Focus chief executive Bill Grimsey will meet a senior member of Business Secretary Lord Mandelson’s office next week to urge decisive and speedy measures.
Grimsey said: “British retailing should stand up for itself. Credit insurers should be held up for what they are – fair-weather friends. Government has to recognise that it needs to support retailing and the supplier base of this country.”
Retailers are still awaiting an announcement on the issue, which had been expected early this year.
The British Retail Consortium also wrote to Mandelson this week advocating government action on the issue, while the Association of Convenience Stores wrote to the Chancellor, Alistair Darling.
BRC director of business and environment Jane Milne said: “An announcement has been imminent for some time.
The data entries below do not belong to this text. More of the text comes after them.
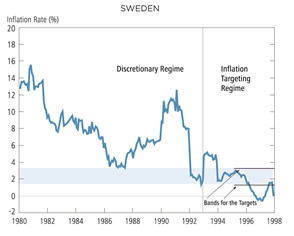Chart: Sweden - Inflation in Discretionary and Targeting Regimes, 1980-98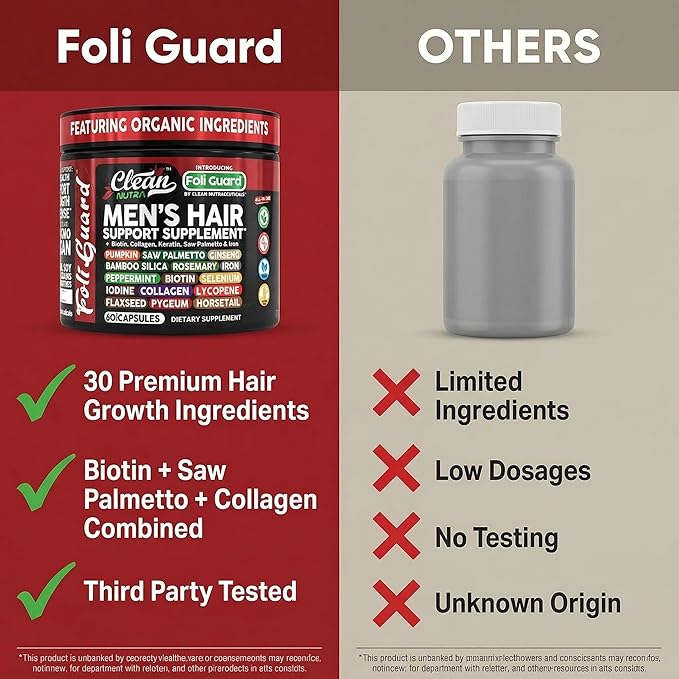 Hair Growth Supplement For Men | Biotin Hair Vitamins Collagen Pumpkin Seed Saw Palmetto Iron Ginseng Bamboo Silica Rosemary Peppermint Keratin Selenium Iodine Flaxseed Horsetail Vitamin A C D3 E B12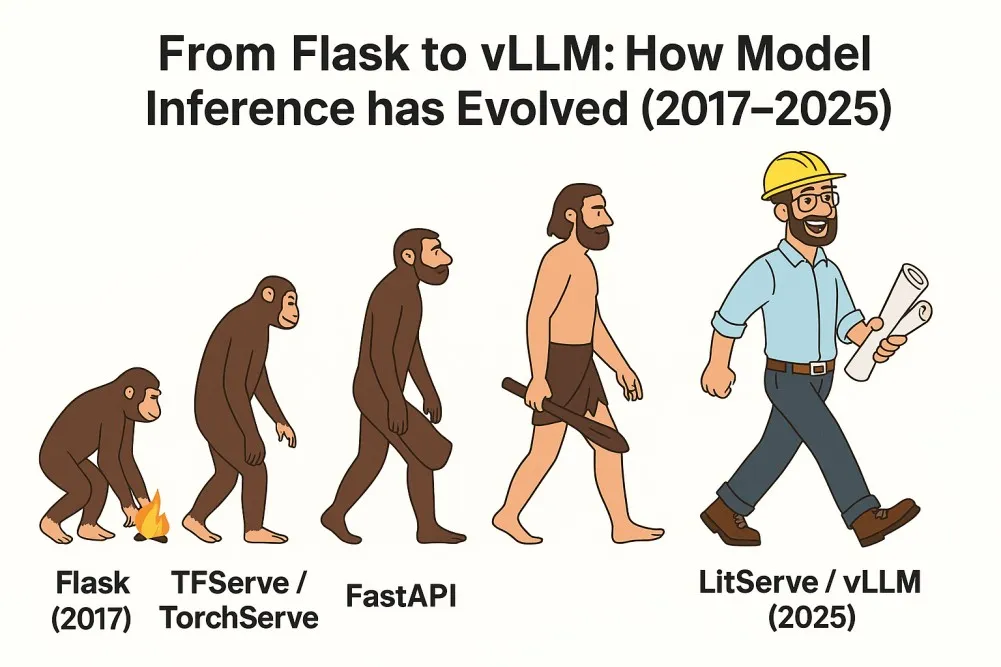 From Flask to vLLM: How Model Inference has evolved (2017-2025)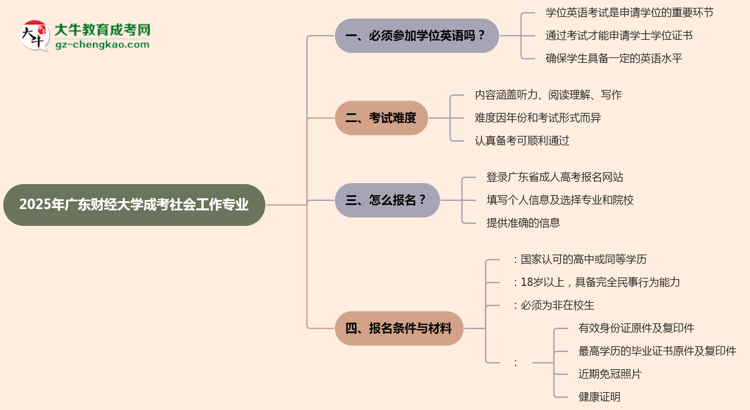 2025年廣東財(cái)經(jīng)大學(xué)成考社會(huì)工作專業(yè)要考學(xué)位英語(yǔ)嗎？思維導(dǎo)圖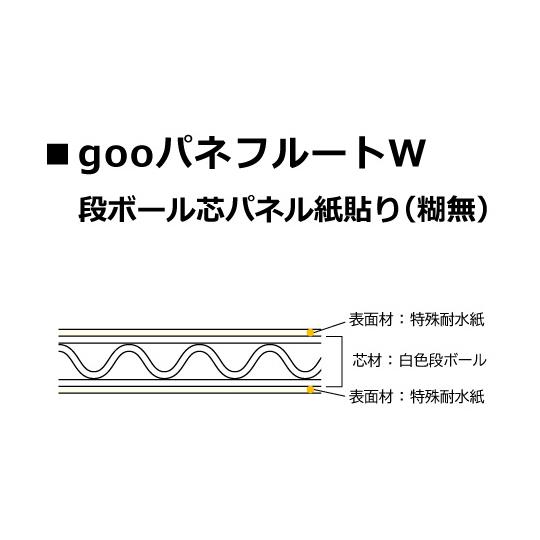 光洋産業 goo！パネフルートW 紙貼り 糊無 3mm厚 910mm×1820mm  (65-233...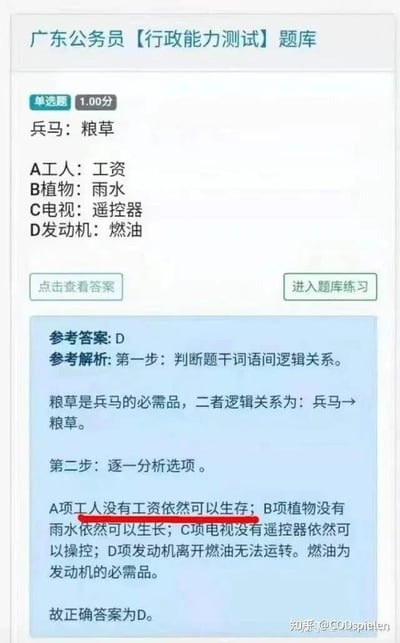 这是一张广东公务员《行政能力测试》题库的类比推理单选题截图，题目为“兵马：粮草”，给出了A工人：工资、B植物：雨水、C电视：遥控器、D发动机：燃油四个选项。截图下方附带了参考答案D和详细的逻辑解析：首先明确题干逻辑为粮草是兵马的必需品，随后逐一分析选项，指出A选项工人无工资仍可生存、B选项植物无雨水可通过其他水源维持生长、C选项电视无遥控器可通过机身按键操控，均不符合“必需品”的逻辑，只有D选项发动机离开燃油无法运转，燃油是发动机的必需品，与题干逻辑完全匹配，因此确定正确答案为D。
It’s becoming incredibly urgent the Government acts.”
Last month Mandelson responded to a letter from Grimsey that highlighted the power credit insurers have over retailers. Mandelson replied that the Government was investigating the matter.
At next week’s meeting, Grimsey will suggest the Government should eventually take charge of the credit insurance market, with a regulated credit assessor being appointed.
Grimsey said that in the short term the Government needs to “urgently put a scheme in place” where it will underwrite credit insurance. He will argue that credit insurers should be “subject to an inquiry because their due diligence and their explanations for their decisions are inadequate”.
He said: “We need to put credit insurers out of business. Their product is out of date and should be reassessed.”
Focus has written to its suppliers’ insurers informing them it will no longer allow them access to its accounts. Instead, Focus will provide financial information straight to suppliers.
UBS analyst Andy Hughes issued a note this week detailing a meeting he had with credit insurer Euler Hermes. In it he revealed the insurer suggested it is “only part-way through the withdrawal of credit from suppliers to UK and European retailers. The message for non-food retailers is the worst is yet to come”.
A Business, Enterprise & Regulatory Reform spokeswoman said: “It’s important we carry out a full analysis to ensure we deliver the type of help firms need while offering value for the taxpayer.”